Today, I also chose the roads that were marked « of scenic interest » on the map. The map conveniently omits to say that they are not of asphalt interest, especially the road from Iernut to Medias but it’s alright. At some point the quality of the roads is going to start to fall, it might as well be now :|.

Bike in town
Some biker came to wake the town up

World domination

One discount store at a time… So I am in this border town in Hungary trying to spend my last Forints. Mostly on water for me and gas for the bike and I see this shop:

No, no, not the red sign. That magyar-something-something obviously means Hungarian supermarket chain (fluent Hungarian anyone? Thank you Google Translate) but look closer, at the yellow sign: « Kinai diszkont ». Any guess as to what it may mean? My guess is as good as yours: Chinese discount store! Ok, it was funnier in my head but still, it was a tiny border town in Hungary, can’t remember if it was Vámospércs or Nyirábrány and the Chinese discount store was there!

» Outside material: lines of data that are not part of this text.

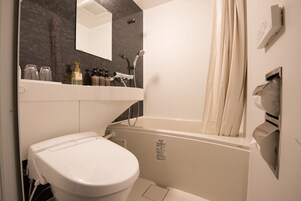 Combined shower/tub, free toiletries, hair dryer, slippers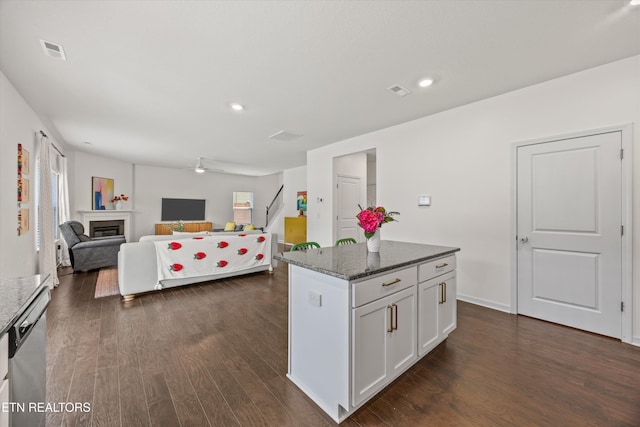 1171 Hampton Place Cir, Loudon, TN 37774 - kitchen featuring dishwasher, dark wood-style floors, dark stone counters, plenty of natural light, and recessed lighting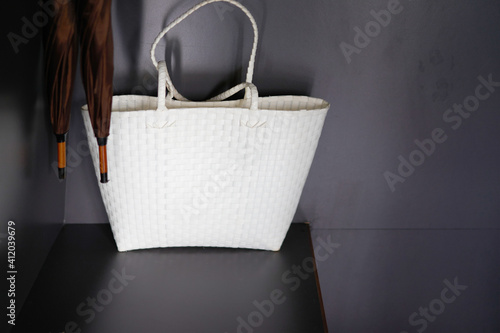 white beach bag in hotel closet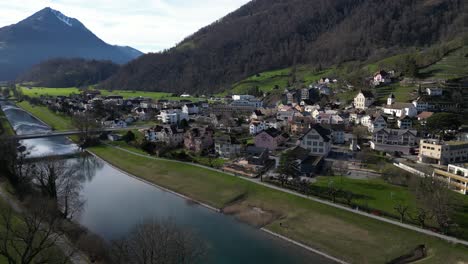 Panning-drone-clip-of-scenic-Swiss-village,-with-snowcapped-mountains-in-the-background-and-calmly-flowing-river-with-bridge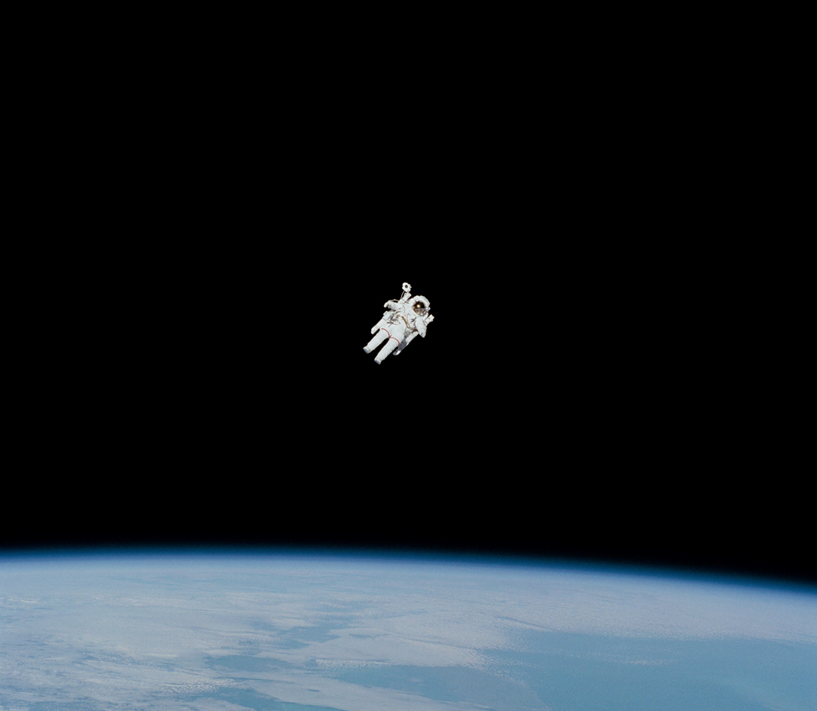 Astronaut in space suit flying free in space using a jetpack, with part of earth visible below. Image credit: NASA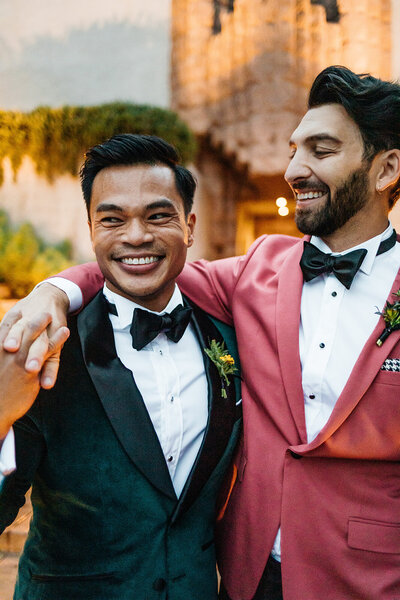 grooms laughing together during sunset photos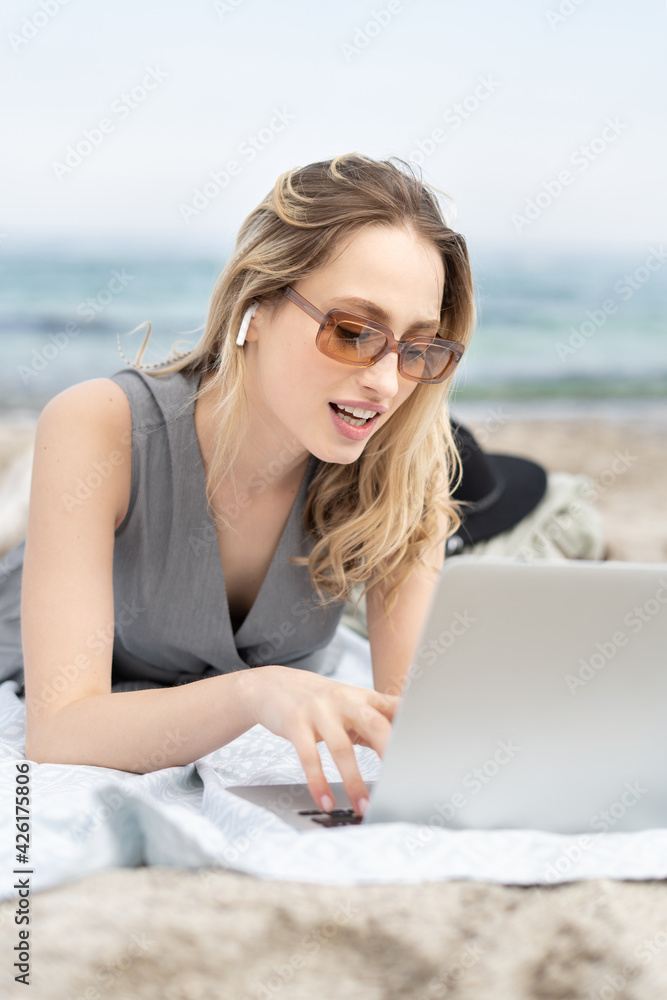 Stylish active young woman working remotely on the laptop computer wearing sun glasses and wireless headphones, talking on a zoom video chat lying on a beach  
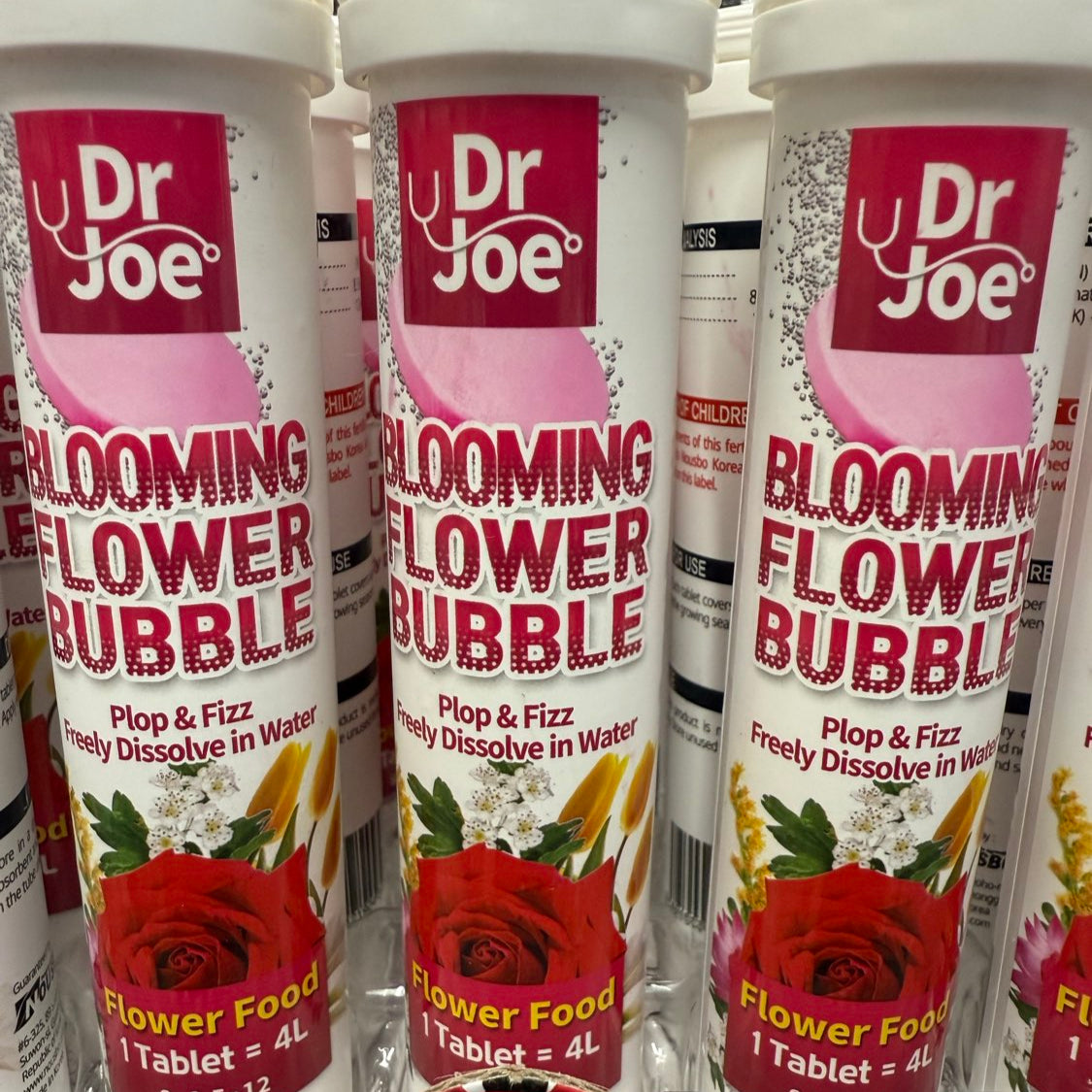 Multiple bottles of Dr. Joe Blooming Flower Bubble flower food.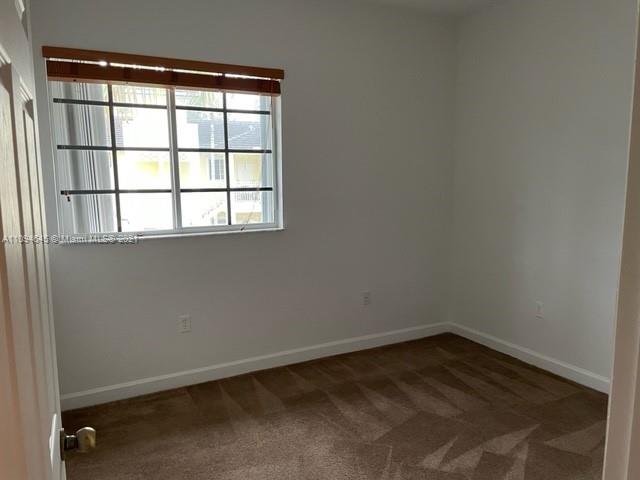 Oasis Homestead, FL 33033 - Photo 15 of 37 an empty room with a window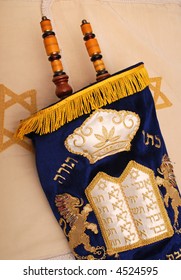 The Top Of A Torah, The Scrolled First Five Books Of The Hebrew Bible, In A Velvet Cover On A Cloth With A Star Of David Motif.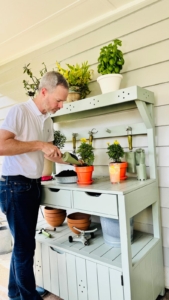 In gardening, Jake has been enjoying autumn planting. His potting bench, painted a soft Martha-inspired green, holds a collection of original Martha Stewart Everyday gardening tools. Two smaller, bright orange Martha Stewart Everyday pots filled with yellow mums add a splash of fall color. These are the sorts of pieces that make even an ordinary afternoon of gardening feel special.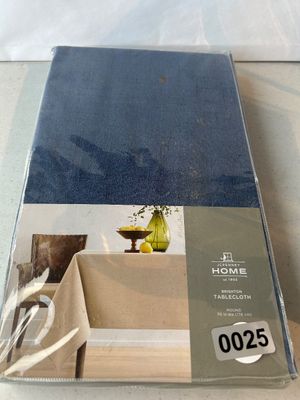 Sale Photo Thumbnail #25: A new in original sealed packaging JCPenney Home 'Brighton' round tablecloth in blue fabric. Measures 70 inches in diameter (178 cm).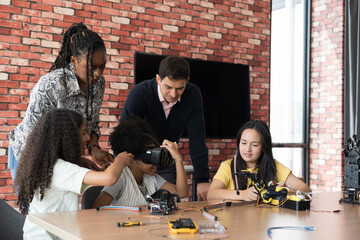 Teacher teaching diverse children training and learning robotics technology in classroom at school. Students training AI robot training kit and mechatronics in class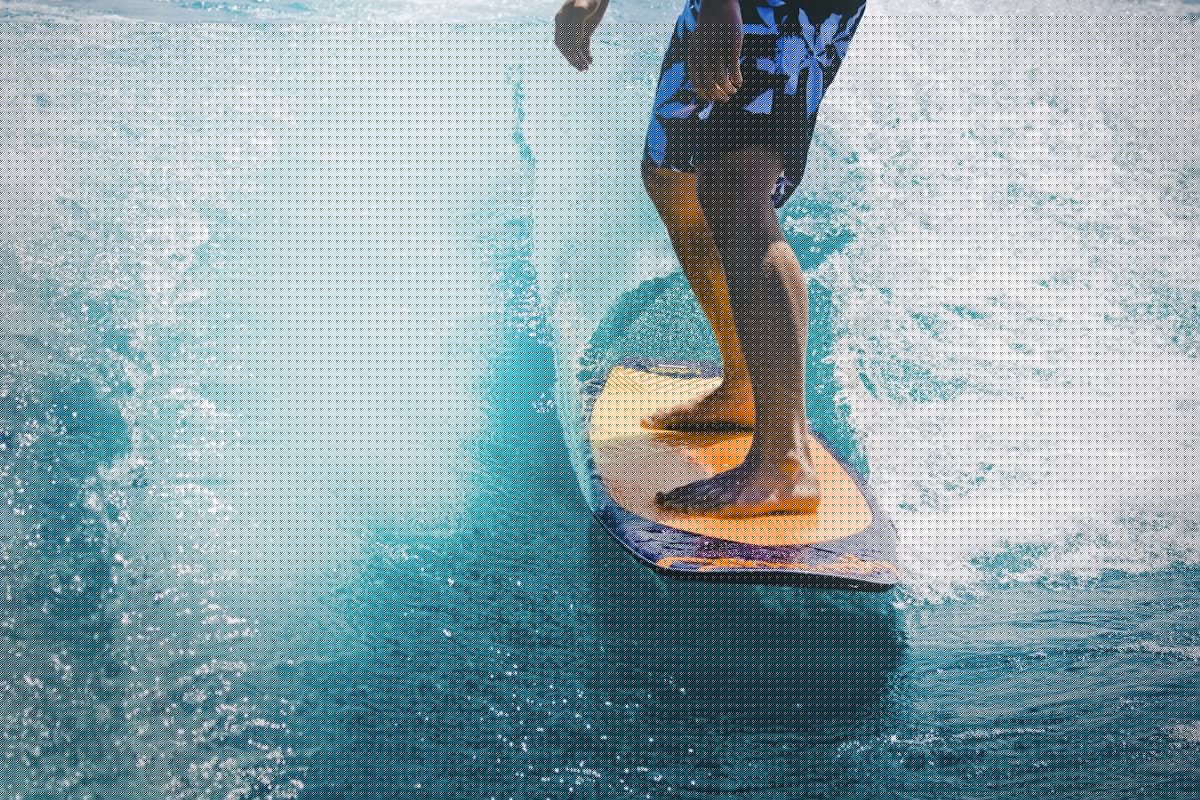Surfer riding a wave on a surfboard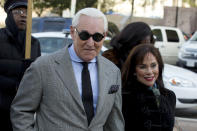 FILE - In this Nov. 14, 2019, file photo, Roger Stone accompanied by his wife Nydia Stone, right, arrives at federal court in Washington. (AP Photo/Jose Luis Magana, File)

In all truthfulness, I haven’t seen so many Kinai diszkont but the remoteness of this one called my attention.

By the way, I’m happy to be back in a place where I can at least guess what stuff means. Hungarian is so… so… unguessable?

Wake up in Slovakia, have breakfast in Hungary…

…then buy some food in Hungary and picnic in Slovakia, only to finish the day 30km from Budapest.

That was pretty much the summary of our day yesterday. We woke up where we had camped, in the nice camping by the lake in the north of Bratislava. I woke up after a night in the hammock, there was no mosquitoes and I took the chance. It was pretty nice.

Bike and hammock in Prague
I didn’t sleep on it in Prague

Without further ado (save a shower of course, with boiling water though) we set off on the road to Budapest by the highway. Yes, the highway, but not for long. We stopped for breakfast at a gas station just past the border of Hungary where I bought the most useful piece of kit so far and instantly realized why I had been taking so many highways: because I didn’t know were the other roads were!!

From then on, the day was completely different to the previous days, we took the national roads following the Danube along the Slovakian-Hungarian border. Stopped at a supermarket on the road to buy some food for lunch that we would eat later on the road. When we arrived to Komárom, we wanted to have lunch and decided to cross the river into Slovakia again and set up our picnic in a nice park in Komárno, Slovakia. I enjoy crossing borders with the bike, it gives me a feeling of the distance I’ve travelled.

A long way from home
So far from home…

I especially enjoy these European borders, which are just lines on the ground with no one to stamp your passport even if you wanted to. Although here in Hungary you are supposed to buy a vignette for your vehicle to pay for road use. I’m not so sure if I had to buy it if I’m not using the highways but I bought it anyway, just to be on the safe side. By the end of the day, we had stopped for a couple of pictures in Ezstergom, visited Kisoroszi where we wanted to camp but decided against it, mainly because we didn’t have cash and it looked like a party camping. Back to the mainland and with some cash in my pocket, I was so tired of riding that we stopped at the first camping sign we saw just across the river in Tahitótfalu. It turned out to be a nice camping managed by a  very nice Hungarian guy who had hung a French flag in his house as decoration. So we offloaded the bike and went for a pizza in the surroundings.

Although the hammock was there too, it slept on its own that night because it was full of mosquitoes and I didn’t want to wake up itching everywhere. Today, I am writing this from a hotel room in Budapest (I needed to sleep on a bed) as I am about to leave for Debrecen or maybe further. Alice has just left to take her bus back to Prague. She’s such a great friend has helped me so much with all the preparations that I don’t know if I’ll ever be able to repay her. Thank you again, Alice!

Alice and a new friend
Alice and her new friend

Now, off to the bike before it’s too hot to ride again!